Reenactors from Alabama, surrounding states and further afield will present the living history event, which will feature ongoing demonstrations of various aspects of that time in history. French Colonial Marines and their families will garrison the reconstructed 1751 Fort Toulouse. French civilians and Indians will camp surrounding the fort, and British forces will also be camped nearby.
The reenactment will feature skirmishes and military movements. Visitors will also be entertained with a variety of skills competitions. In addition, merchants will offer souvenirs and items replicating those of the period. There will also be cannon firing and skirmishes between the forces.
Attendees will have the chance to interact with both forces as they offer insights into battle strategies.
The encampment has been held annually for more than nearly 20 years. It is a smaller event than November’s Frontier Days at the forts, but offers more opportunity for interaction with the reenactors.
America’s French and Indian War was part of a series of wars between
Great Britain and France that began in 1689 and continued until 1763, and which historians commonly refer to as “The War for Empire.” The stakes of the lengthy war was dominance in Europe and colonies in the Americas, Asia and Africa. In North America, the conflict translated into raids by both French and British soldiers, along with Indian warfare. The European combatants’ goal was to capture frontier forts and settlements, as well as seaports.

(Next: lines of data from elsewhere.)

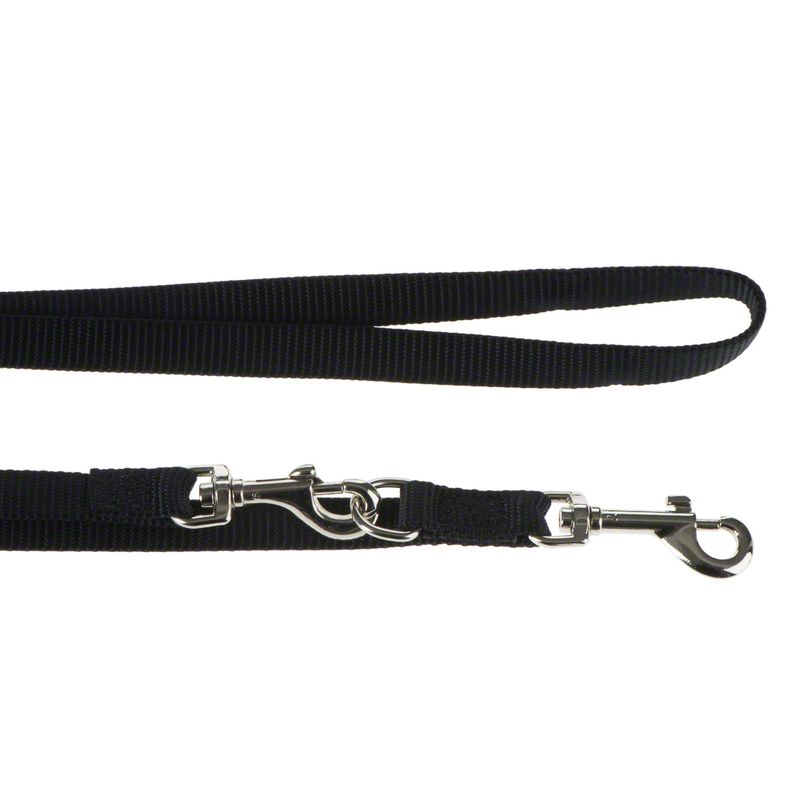 Hunde-Softgeschirr Feel Free + HUNTER Führleine Ecco Sport | bitiba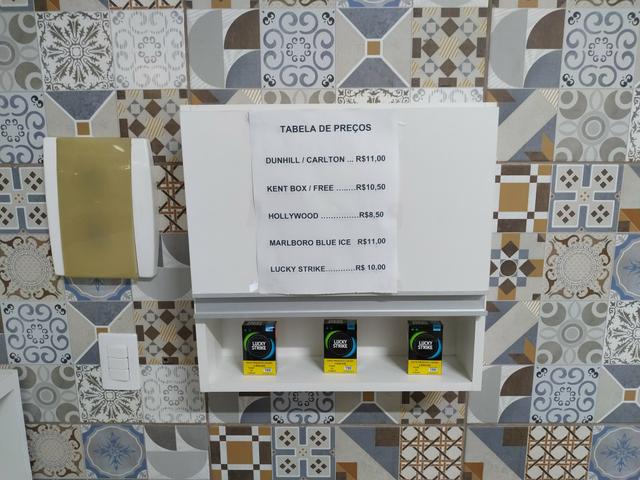 Passo Conveniência montada - Foto 2
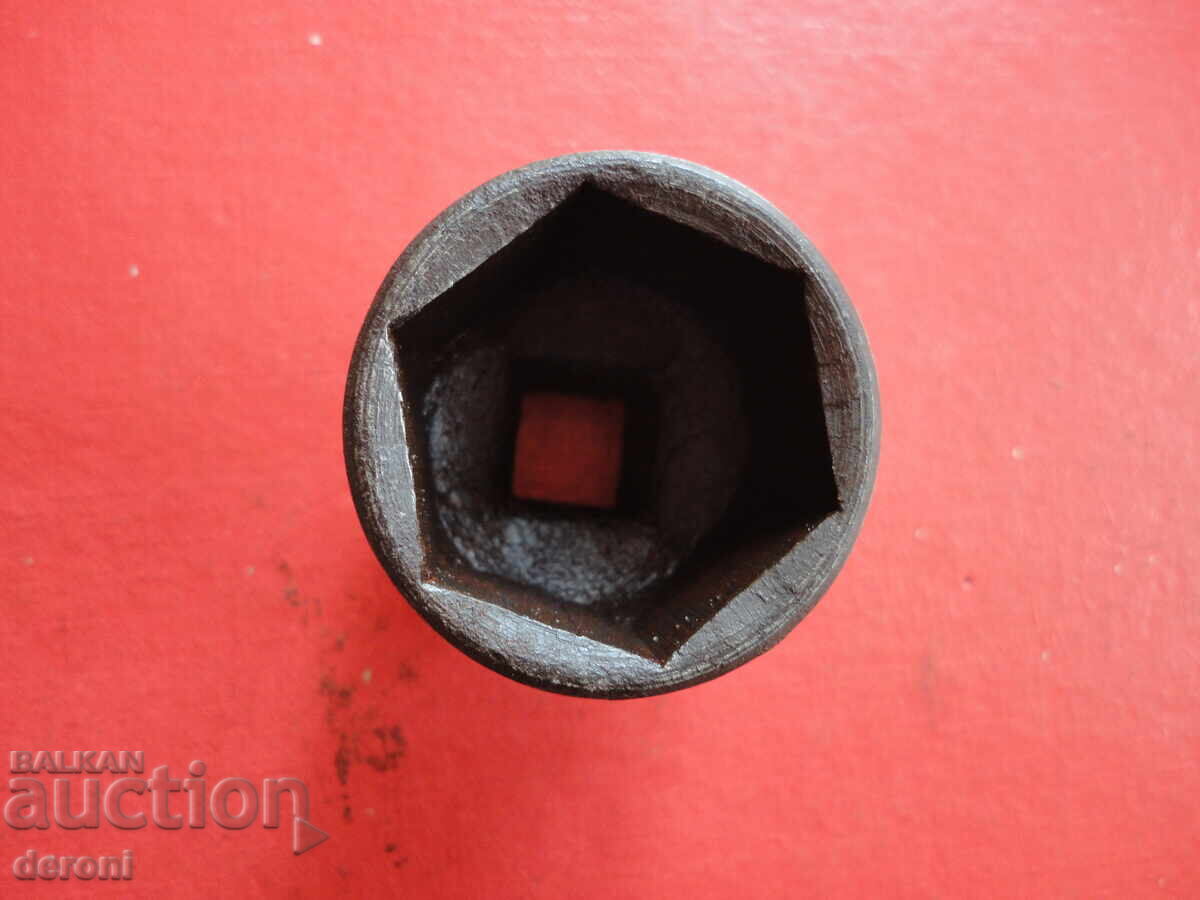 Delivery of Original Gedore insert key stone 1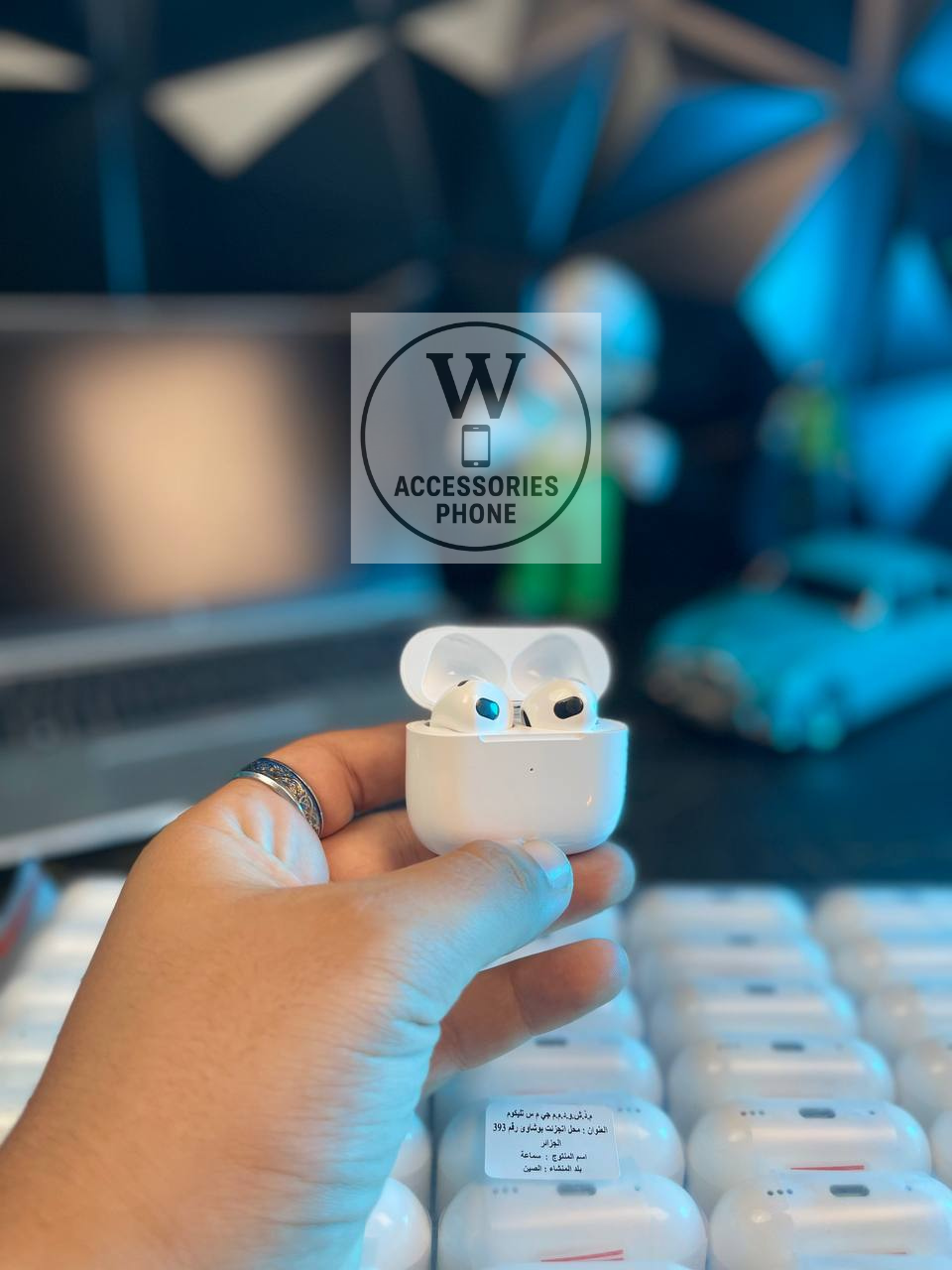 AIRPODS 3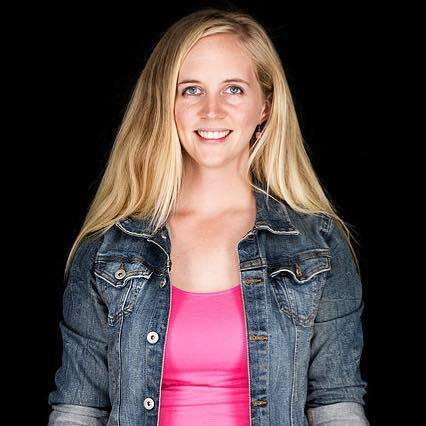 Portfolio photo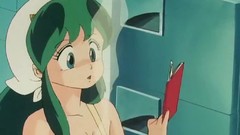 Urusei Yatsura lum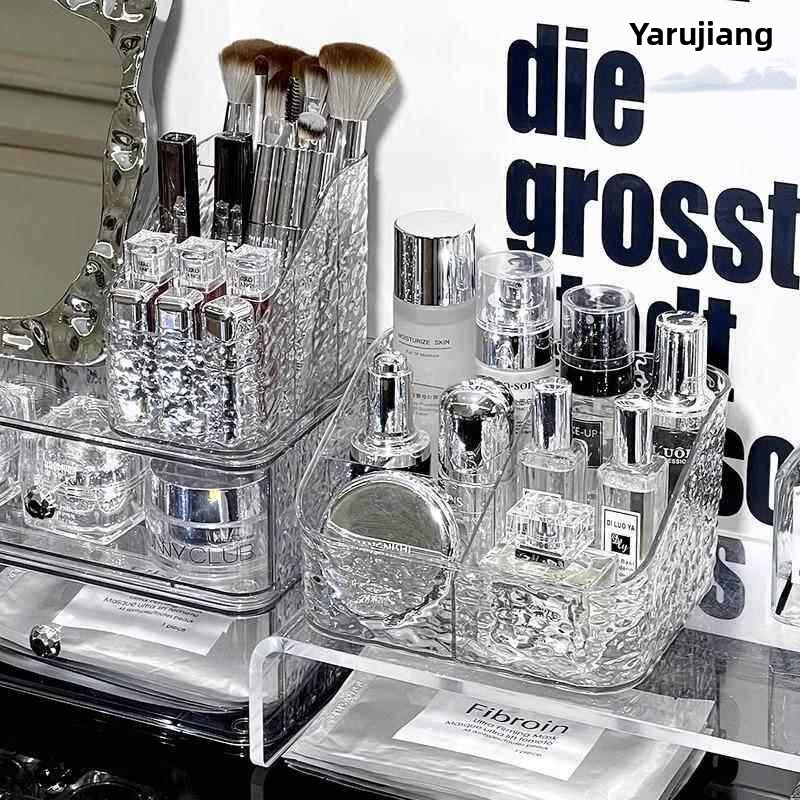 Caixa de Armazenamento de Cosm - Luxury Skincare Items avaliação e preço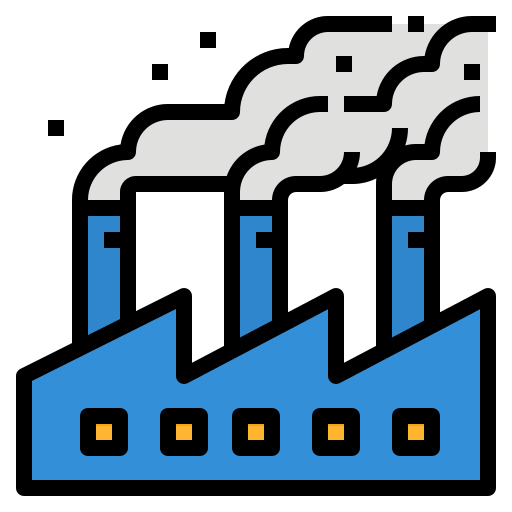 Factory icon
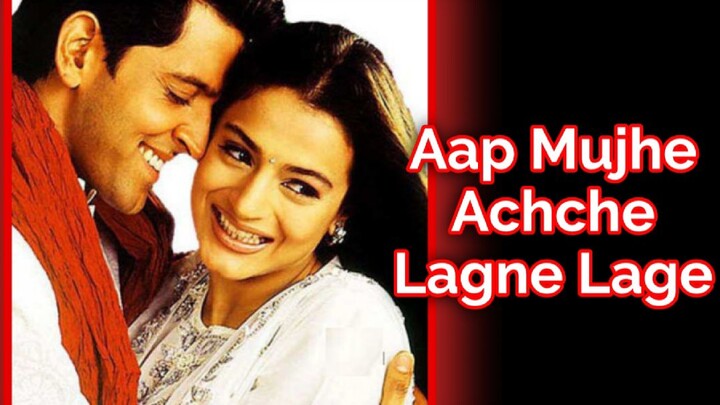 Aap Mujhe Achche Lagne Lage (2002) Full Movie Subtitle Indonesia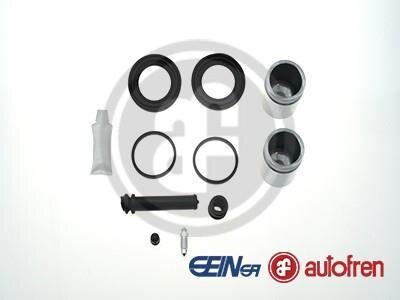 Ремкомплект, тормозной суппорт AUTOFREN D4-1671C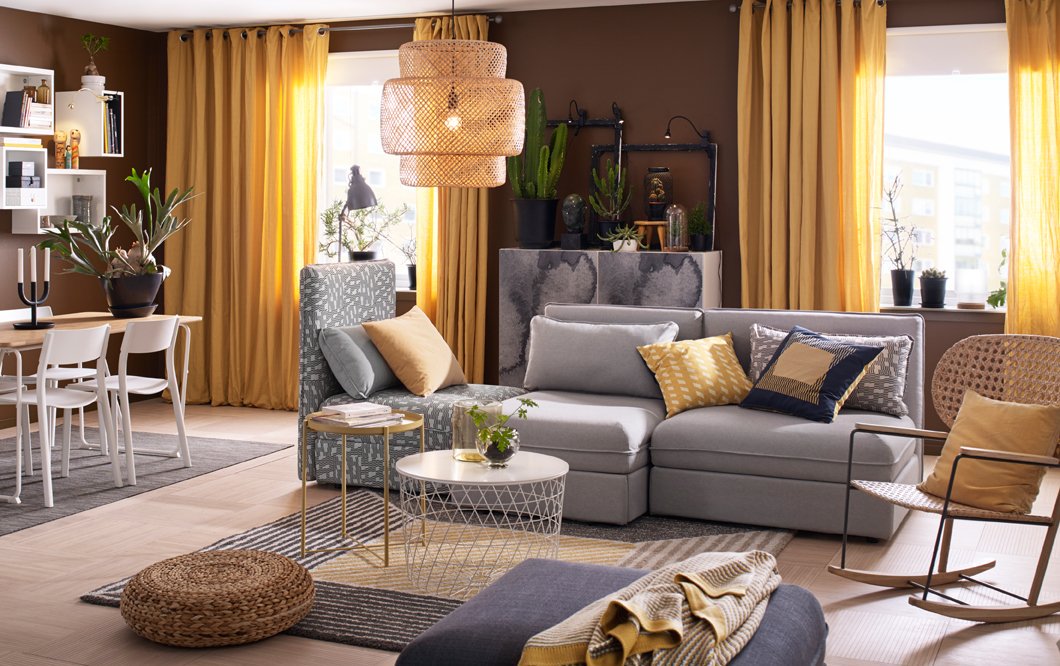 Modernise Your Living Room, How To Modernise A Living Room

The American campaigns were the final conflicts in the wars, and simply identified as the French and Indian War. The end came when Quebec fell to the British in 1759 and Montreal in 1760. The official agreement to transfer control from France to Great Britain came in the 1763 Treaty of Paris.
Encampment hours will be 9 a.m. to 4 p.m. Saturday and 8 a.m. to 3 p.m. Sunday. Admission is $4 for adults and $2 for children 7-12. Children under six will be admitted free.